濃いところだと、浴槽に入れた手も見えないのですが、ここはかなり底の方まで確認できます。

というわけで、露天風呂や黒湯の冷泉もある良い銭湯。
自分の住む町にあると嬉しいと思いました。

帰りは近くの居酒屋さん「37」で一杯。ここもなかなか良いお店でした。

第三松の湯(鵜の木天然温泉)

2010-02-20 08:31:48 | 銭湯
最近、このブログで取り上げる銭湯は、なんだか廃業寸前の所ばかり。
いや、他の銭湯も行っているのですが、ブログに書くほどでもないかなという感じなのです。
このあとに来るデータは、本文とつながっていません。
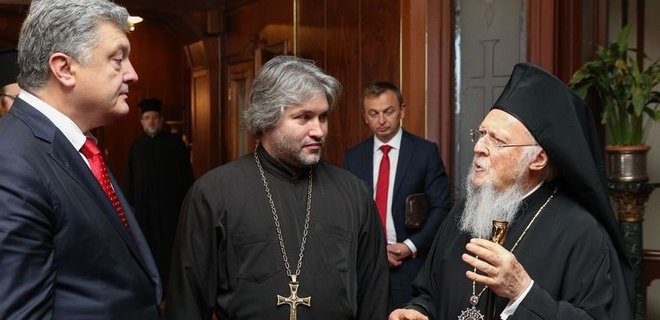 Священнику ПЦУ и депутату из Полтавы запретили писать в Facebook после скандала в соцсетях - Фото
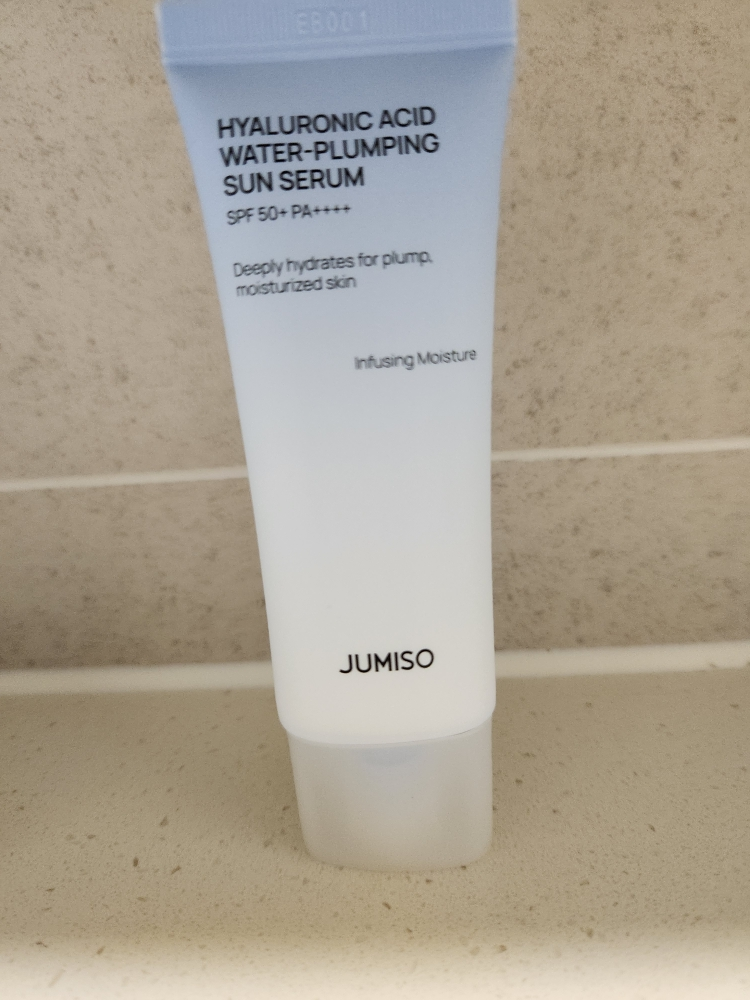 주미소 (JUMISO) 히알루론산 워터 플럼핑 수분 선 세럼 [SPF50+/PA++++] review image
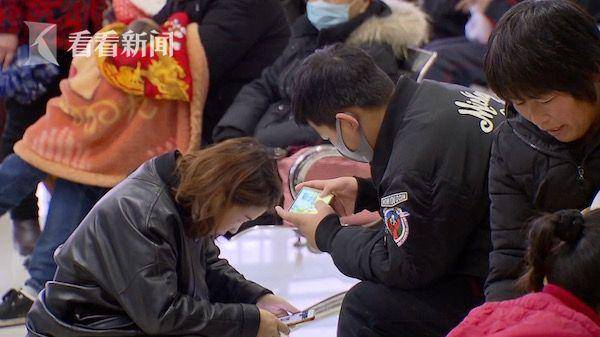 微信游戲“跳一跳”有毒？ 跳一跳長時間玩或引發(fā)腱鞘炎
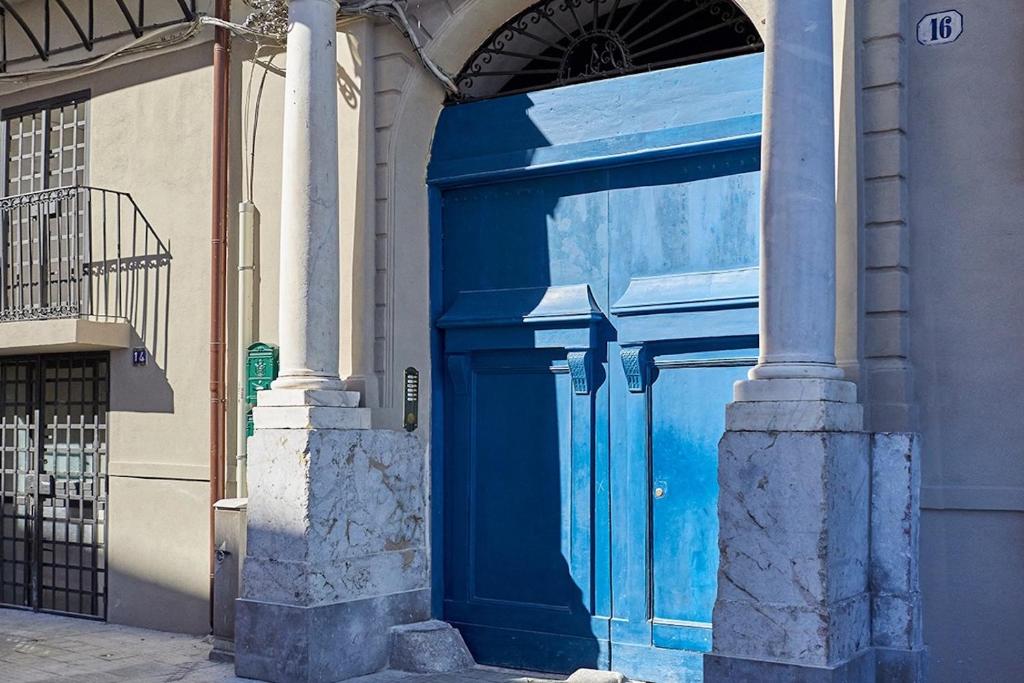 巴勒莫La casa di Chele的建筑物一侧的蓝色门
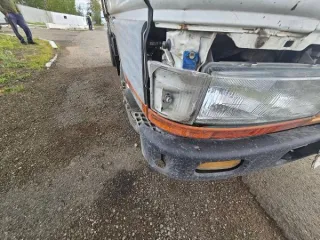 Mitsubishi Canter 1995 года выпуска, госномер К399СО75, номер шасси FE516B-501954. ПТС отсутствует. Кузов имеет следы ржавчины, заднее крыло треснуто. Бампер с левой стороны фонаря поврежден.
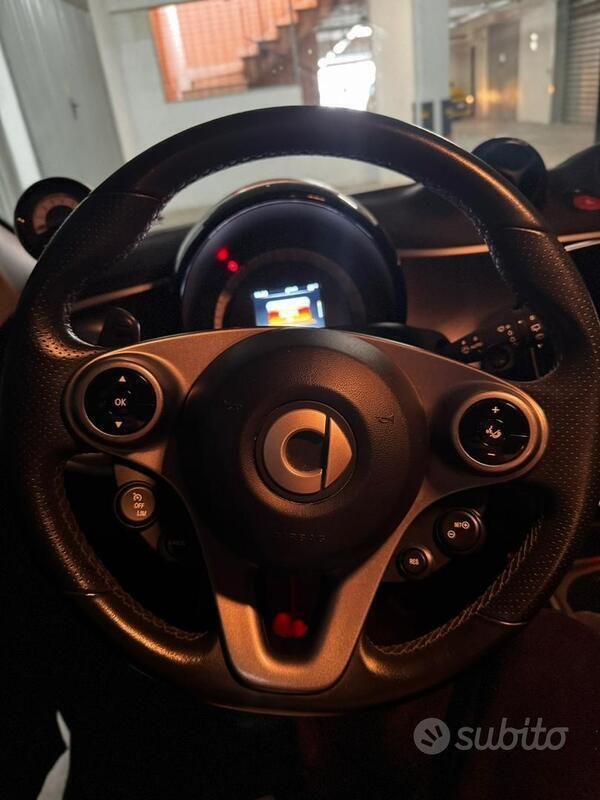 Usata Smart ForFour 61 CV (44 kW) 2019 Nero Utilitaria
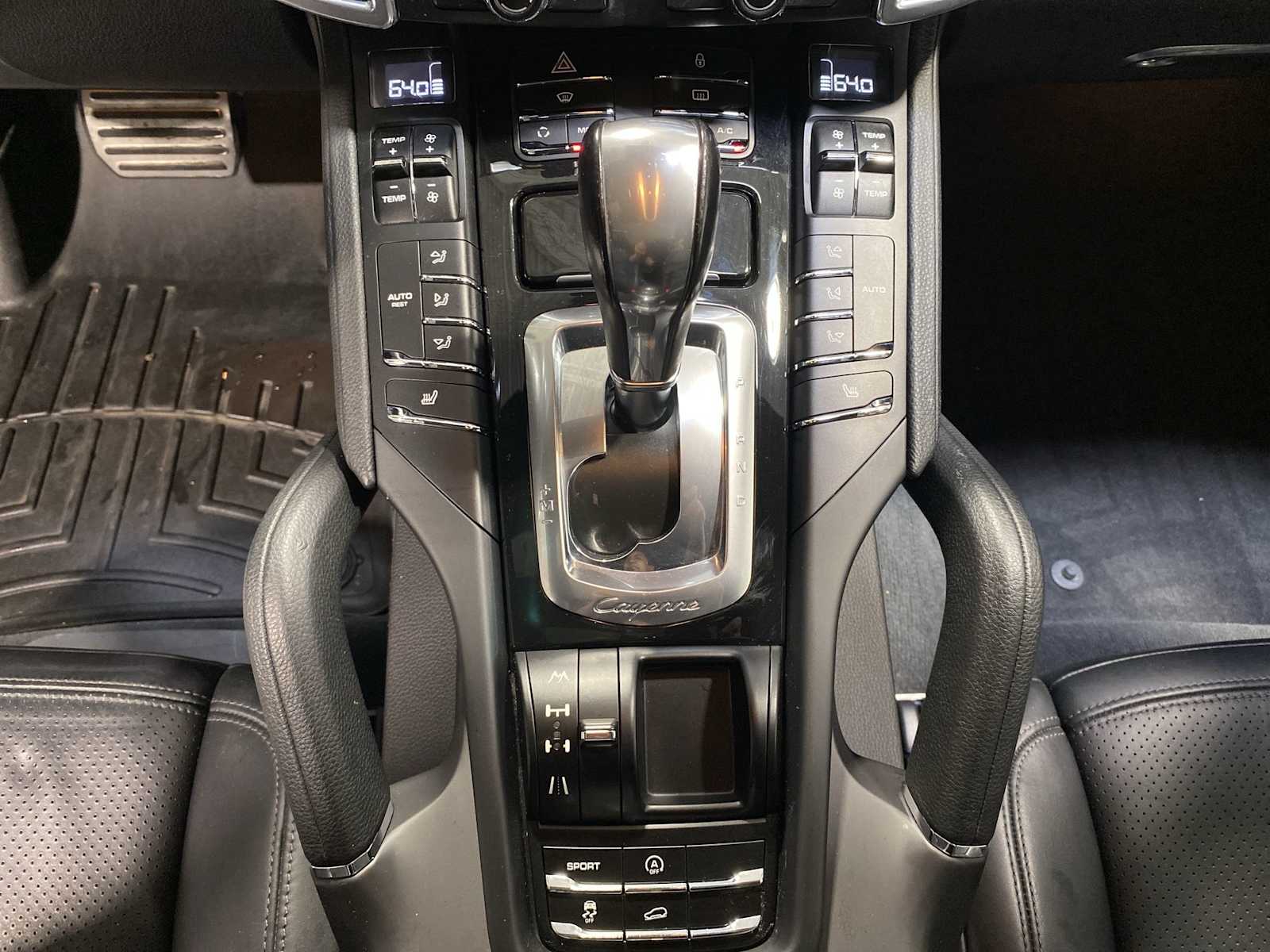 2013 Porsche Cayenne S 17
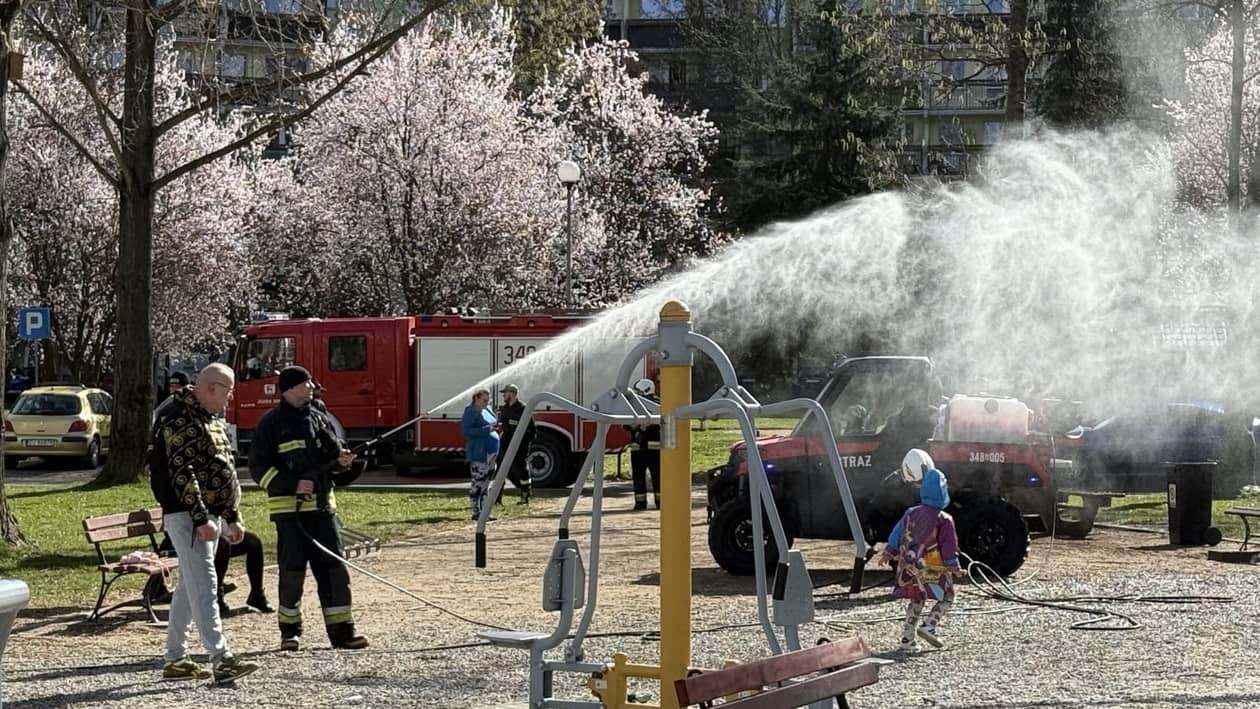 Jelenia Góra: Tradycja wciąż żywa. Wodna bitwa na Zabobrzu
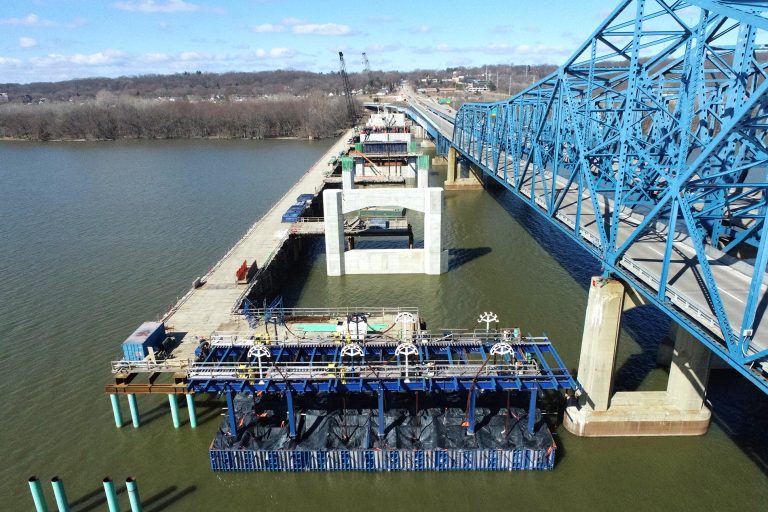 Innovative technologies shown in large scale bridge project.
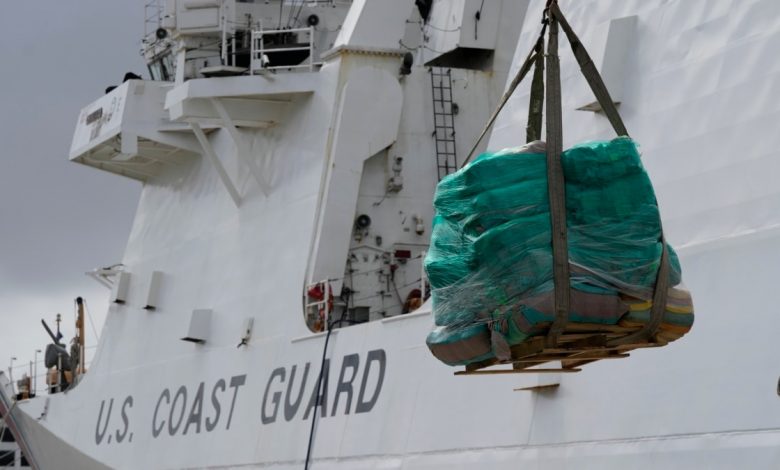 Un buque de la Guardia Costera de EE. UU. se incauta unos 1.000 millones de dólares en drogas 1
で、昨日訪問の第三松の湯(鵜の木天然温泉)も2月21日で廃業との事。
多摩川線の鵜の木駅下車3分に立地の黒湯の温泉銭湯です。



入り口の暖簾にも「天然温泉」と誇らしげに書かれています。
でも、その横に「諸般の事情で廃業します」との張り紙が・・・。

中はフロント式。
ちょっとしたロビーもあります。

脱衣所に入ってびっくり。お客さんがたくさん!
浴室とあわせると15人以上はいたかも。
みんな常連さんな感じの方ばかり。とにかくお客が続々と詰め掛ける人気銭湯です。

ビジュアルは丸山絵師の瀬戸内海の風景。泰然とした作品で良い感じです。

で、この銭湯最大の売りは「黒湯」。
浴槽がいくつかあって、普通のお湯もあるのですが、熱い黒湯と冷たい源泉の黒湯が楽しめます。
黒湯はその名の通り、黒いお湯で、古代の海藻が溶けてできたもの。ミネラルもたっぷり含まれていて殺菌力も高いとの事。

という訳で、天然温泉を堪能できました。
が、こんな良い銭湯が廃業とは・・・。ほんとうにもったいなさ過ぎです。
跡地はマンションにでもなるのでしょうが、せっかくならこの豊富な黒湯を生かして、天然温泉付きマンションにしちゃえばよいのに。

世界湯@谷中

2010-02-09 00:09:22 | 銭湯
銭湯は谷中の世界湯。
2月10日で廃業との事で駆けつけました。



千駄木の駅から歩いて5分ほど。谷中銀座の賑やかな通りを一本入った路地に面した小さな銭湯。
ここは、あの志ん生師匠が倒れた後も、弟子に背負われて通った銭湯としても有名だそうです。

http://www.chunichi.co.jp/s/article/2010020690135314.html

と言うわけで、そんな歴史ある銭湯ですが、老朽化と経営者の高齢化のため60年の歴史に幕を閉じるとの事。

外観は写真のようにシンプルな造り。
中もフロント式に改装されています。

で、まず目に飛び込んでくるのが、早川絵師のペンキ絵。大きな富士山が男女の堺に鎮座する力作です。早川師らしい、ビビッドな色使い。いいですね~。

お湯はやや熱め。寒い日に入ると体がぽかぽかして気持ちの良いもの。
常連のじーさん達が、「ここが廃業しちゃったら、どこの銭湯に行こうか?」と相談。「もうここの銭湯に慣れちゃってるから、今更動くのも面倒だね~」なんて話しています。なかなか結論は出ずに、けっきょくいろんな近所の銭湯を回ってから決めようと言う結論に達した模様。けっこう長い話し合いでした。

と言うわけで、下町、銭湯、ペンキ絵。落語の三題噺にもなりそうな町に溶け込んだ良い銭湯。
常連のじーさんも悲しんでいるようでしたが、なんだか僕も残念に思います。あーあ・・・。